You will move beyond the standard “out-of-the-box” components in PyTorch by building your own custom building block called Squeeze-and-Excite. You will understand why these custom components matter for real-world problems, and you will create one step by step while ensuring it behaves correctly. You will see how data flows through this custom block, how its parameters are stored and updated during learning, and how to verify that everything is connected properly. By the end, you will understand a general pattern you can reuse to build many other custom components for your neural networks.

You will learn how to find and fix slowdowns in your AI training code, improving performance from data processing to model training. You will use built-in tools to identify issues such as slow data loading, then apply two practical techniques: one that makes mathematical computations faster while using less memory, and another that allows you to train with larger batches of data without running out of memory. Through quizzes, ready-to-copy code examples, and clear explanations, you will see how to keep your GPU working at full speed instead of sitting idle. By the end, you will be able to streamline complex training workflows into efficient processes that support business success.

You will explore how visual dashboards help you understand model behavior and compare different training runs. You will learn how to interpret accuracy curves, loss trajectories, and compute trade-offs so you can choose the model variant that is best for the task. By the end, you will know how to evaluate experiments using clear visual evidence rather than guesswork.

You will practice structuring reusable ML workflows using modular components. You will explore LightningModule and DataModule patterns, strengthen your documentation habits, and understand how structured templates reduce errors.

You will explore how data loading, batching, caching, and prefetching impact training speed. You will learn how frameworks like tf.data and PyTorch DataLoader parallelize input operations to keep GPUs busy.

You will explore how computational graphs work, why redundant operations exist, and how pruning them improves model inference latency. You will analyze a model graph, identify unnecessary reshape and identity operations, prune them, re-export the SavedModel, and measure the resulting latency improvements.
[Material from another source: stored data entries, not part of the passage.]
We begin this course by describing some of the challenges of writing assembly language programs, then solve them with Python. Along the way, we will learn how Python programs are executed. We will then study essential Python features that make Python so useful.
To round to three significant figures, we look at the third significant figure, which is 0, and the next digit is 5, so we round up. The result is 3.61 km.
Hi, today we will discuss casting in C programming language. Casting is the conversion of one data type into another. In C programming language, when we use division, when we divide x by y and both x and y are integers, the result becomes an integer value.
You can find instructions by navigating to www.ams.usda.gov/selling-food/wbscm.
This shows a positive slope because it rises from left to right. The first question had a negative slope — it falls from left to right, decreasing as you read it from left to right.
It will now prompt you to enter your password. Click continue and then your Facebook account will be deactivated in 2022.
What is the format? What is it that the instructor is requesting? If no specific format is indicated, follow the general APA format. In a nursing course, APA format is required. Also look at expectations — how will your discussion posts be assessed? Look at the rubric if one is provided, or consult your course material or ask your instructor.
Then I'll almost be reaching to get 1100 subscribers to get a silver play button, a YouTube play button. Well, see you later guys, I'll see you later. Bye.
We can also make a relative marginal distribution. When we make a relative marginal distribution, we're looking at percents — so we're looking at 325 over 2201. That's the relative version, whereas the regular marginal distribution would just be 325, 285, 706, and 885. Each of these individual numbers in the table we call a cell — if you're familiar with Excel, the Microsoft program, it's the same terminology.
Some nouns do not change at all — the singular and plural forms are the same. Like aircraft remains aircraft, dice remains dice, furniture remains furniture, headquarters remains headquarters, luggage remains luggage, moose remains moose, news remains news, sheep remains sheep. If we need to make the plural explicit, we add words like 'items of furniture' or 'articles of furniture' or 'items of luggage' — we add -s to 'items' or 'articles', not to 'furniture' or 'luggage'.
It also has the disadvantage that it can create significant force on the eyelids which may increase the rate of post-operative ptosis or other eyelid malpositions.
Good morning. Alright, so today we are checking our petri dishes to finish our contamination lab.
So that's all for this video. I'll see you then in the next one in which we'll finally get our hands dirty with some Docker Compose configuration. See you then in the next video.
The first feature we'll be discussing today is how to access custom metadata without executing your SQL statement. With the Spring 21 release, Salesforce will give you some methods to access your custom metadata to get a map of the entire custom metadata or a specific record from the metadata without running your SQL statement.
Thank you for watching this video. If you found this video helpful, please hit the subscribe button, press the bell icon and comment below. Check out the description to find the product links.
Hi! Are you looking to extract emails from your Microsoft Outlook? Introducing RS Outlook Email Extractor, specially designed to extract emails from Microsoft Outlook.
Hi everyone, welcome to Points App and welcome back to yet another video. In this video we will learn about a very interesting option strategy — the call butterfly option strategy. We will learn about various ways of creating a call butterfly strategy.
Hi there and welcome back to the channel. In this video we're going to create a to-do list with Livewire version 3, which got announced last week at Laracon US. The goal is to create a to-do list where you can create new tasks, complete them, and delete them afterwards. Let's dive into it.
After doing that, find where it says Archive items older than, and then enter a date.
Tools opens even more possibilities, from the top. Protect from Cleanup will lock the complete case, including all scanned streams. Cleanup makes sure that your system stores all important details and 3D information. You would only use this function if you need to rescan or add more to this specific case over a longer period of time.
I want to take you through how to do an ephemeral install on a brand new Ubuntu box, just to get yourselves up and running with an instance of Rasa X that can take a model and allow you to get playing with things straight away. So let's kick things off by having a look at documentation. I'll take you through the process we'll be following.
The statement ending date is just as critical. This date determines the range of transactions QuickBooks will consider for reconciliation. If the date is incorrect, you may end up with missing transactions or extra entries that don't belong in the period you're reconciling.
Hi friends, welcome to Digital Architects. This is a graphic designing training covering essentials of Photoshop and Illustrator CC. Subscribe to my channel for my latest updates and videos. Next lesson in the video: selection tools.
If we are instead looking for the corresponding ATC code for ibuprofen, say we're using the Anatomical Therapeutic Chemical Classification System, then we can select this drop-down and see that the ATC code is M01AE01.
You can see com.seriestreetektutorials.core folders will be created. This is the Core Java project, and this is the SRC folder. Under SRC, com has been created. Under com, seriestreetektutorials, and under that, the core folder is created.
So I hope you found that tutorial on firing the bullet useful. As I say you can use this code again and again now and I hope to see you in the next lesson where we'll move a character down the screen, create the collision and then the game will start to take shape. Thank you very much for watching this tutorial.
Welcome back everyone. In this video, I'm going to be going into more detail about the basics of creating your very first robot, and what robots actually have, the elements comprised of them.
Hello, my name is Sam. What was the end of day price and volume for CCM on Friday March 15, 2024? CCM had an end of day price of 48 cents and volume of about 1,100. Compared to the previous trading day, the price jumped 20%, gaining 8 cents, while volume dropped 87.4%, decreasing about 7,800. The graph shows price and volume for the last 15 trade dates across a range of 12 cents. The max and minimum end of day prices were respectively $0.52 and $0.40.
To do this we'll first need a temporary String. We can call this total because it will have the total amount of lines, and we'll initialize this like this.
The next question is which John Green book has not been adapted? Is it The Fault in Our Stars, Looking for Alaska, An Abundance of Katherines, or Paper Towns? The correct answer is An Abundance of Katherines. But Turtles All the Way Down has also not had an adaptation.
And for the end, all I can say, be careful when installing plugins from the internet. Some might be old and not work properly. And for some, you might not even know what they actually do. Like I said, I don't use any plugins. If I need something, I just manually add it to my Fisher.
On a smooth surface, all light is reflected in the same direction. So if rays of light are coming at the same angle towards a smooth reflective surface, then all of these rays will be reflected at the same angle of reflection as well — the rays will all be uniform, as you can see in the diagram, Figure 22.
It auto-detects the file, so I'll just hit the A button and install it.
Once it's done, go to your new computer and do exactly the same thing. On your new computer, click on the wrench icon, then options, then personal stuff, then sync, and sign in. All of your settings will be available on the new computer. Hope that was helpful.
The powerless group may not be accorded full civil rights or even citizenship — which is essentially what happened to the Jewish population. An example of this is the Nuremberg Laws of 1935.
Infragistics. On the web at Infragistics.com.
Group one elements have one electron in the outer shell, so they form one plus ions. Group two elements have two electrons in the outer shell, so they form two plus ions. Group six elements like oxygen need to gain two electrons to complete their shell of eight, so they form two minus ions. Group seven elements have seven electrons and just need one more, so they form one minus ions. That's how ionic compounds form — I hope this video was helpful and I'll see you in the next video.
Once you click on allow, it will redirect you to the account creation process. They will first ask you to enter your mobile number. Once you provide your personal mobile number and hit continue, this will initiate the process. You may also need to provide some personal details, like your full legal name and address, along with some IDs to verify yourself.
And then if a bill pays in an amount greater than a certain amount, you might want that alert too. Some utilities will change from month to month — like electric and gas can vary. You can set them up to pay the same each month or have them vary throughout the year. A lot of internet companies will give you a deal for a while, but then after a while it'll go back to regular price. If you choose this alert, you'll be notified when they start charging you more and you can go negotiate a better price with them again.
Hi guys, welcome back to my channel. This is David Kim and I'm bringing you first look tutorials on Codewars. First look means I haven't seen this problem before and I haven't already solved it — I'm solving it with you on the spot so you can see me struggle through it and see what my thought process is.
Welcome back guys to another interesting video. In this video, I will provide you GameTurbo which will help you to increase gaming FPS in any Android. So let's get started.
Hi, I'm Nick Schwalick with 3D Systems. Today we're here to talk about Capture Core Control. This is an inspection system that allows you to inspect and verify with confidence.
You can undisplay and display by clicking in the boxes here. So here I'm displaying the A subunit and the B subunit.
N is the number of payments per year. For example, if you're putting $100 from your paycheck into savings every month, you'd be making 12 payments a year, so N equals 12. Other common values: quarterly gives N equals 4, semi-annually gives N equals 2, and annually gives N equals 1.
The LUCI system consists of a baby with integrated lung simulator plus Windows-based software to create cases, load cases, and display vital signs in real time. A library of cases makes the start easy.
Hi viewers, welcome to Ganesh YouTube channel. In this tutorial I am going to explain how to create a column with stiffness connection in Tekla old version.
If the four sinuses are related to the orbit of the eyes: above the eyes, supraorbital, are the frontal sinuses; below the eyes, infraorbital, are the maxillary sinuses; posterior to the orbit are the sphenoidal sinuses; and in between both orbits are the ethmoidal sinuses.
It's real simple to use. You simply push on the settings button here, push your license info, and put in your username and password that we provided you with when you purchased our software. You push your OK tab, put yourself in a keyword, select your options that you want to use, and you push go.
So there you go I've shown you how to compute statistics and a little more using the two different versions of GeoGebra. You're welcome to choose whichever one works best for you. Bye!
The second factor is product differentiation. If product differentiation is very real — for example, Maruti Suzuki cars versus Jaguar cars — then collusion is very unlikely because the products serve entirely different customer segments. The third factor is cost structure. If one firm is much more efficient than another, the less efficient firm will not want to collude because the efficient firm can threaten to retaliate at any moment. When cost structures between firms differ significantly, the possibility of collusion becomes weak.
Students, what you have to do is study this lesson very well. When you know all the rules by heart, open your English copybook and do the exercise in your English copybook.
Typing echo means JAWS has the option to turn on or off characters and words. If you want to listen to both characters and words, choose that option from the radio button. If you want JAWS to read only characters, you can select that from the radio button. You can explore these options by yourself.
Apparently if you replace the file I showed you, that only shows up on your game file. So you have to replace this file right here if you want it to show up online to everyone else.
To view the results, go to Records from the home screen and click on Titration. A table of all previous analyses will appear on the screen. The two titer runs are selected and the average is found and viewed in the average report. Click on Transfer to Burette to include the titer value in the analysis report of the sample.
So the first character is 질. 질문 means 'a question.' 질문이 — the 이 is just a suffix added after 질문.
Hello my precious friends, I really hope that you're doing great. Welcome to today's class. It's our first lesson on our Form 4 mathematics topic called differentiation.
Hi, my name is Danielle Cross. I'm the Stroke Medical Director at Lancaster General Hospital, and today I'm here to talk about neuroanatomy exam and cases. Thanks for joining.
You will explore how to evaluate ML models using slice-based performance analysis. You will discover how different environments, devices, and usage-context slices can expose hidden weaknesses in an otherwise accurate model. Through TFMA workflows and hands-on exploration, you will identify a real 5% drop in performance on low-light smartphone images and generate actionable recommendations to improve data quality and fairness. This lesson emphasizes practical robustness evaluation rather than purely theoretical metrics.

You will optimize and deploy models to edge hardware using TensorFlow Lite. You will convert a SavedModel into a quantized TFLite model, explore weight and integer quantization options, and deploy the optimized model on a Jetson Nano. You will measure changes in file size, inference speed (FPS), and accuracy, then summarize your results in a reproducible hand-off guide. By the end, you will understand the practical trade-offs between speed, footprint, and accuracy in real edge deployments.

Real-world computer vision systems move through several stages before they are ready for deployment. Engineers must evaluate model experiments, diagnose workflow inefficiencies, improve training pipelines, and ensure that models can operate reliably under real-world and device constraints. These activities require combining performance analysis with practical engineering decisions about system design and deployment readiness. In this integration project, you will act as a machine learning engineer preparing a computer vision model for deployment on edge devices in a resource-constrained environment. You will analyze experiment results, identify performance bottlenecks, evaluate slice-level robustness, and propose workflow and deployment optimizations. The project integrates key engineering activities involved in preparing vision systems for production, including GPU performance diagnosis, experiment visualization and comparison, data pipeline optimization, workflow standardization, and edge deployment trade-off analysis. Rather than focusing on isolated techniques, you will evaluate the full machine learning workflow—from training inefficiencies and experiment interpretation to robustness risks and deployment feasibility. Your final deliverable will be an Optimization and Edge Deployment Strategy Brief, a structured technical report that identifies workflow bottlenecks, proposes targeted optimization strategies, evaluates slice-level risks, and presents a justified edge-deployment recommendation. The project reflects real-world ML engineering responsibilities where professionals must balance accuracy, speed, maintainability, and hardware constraints before approving production deployment.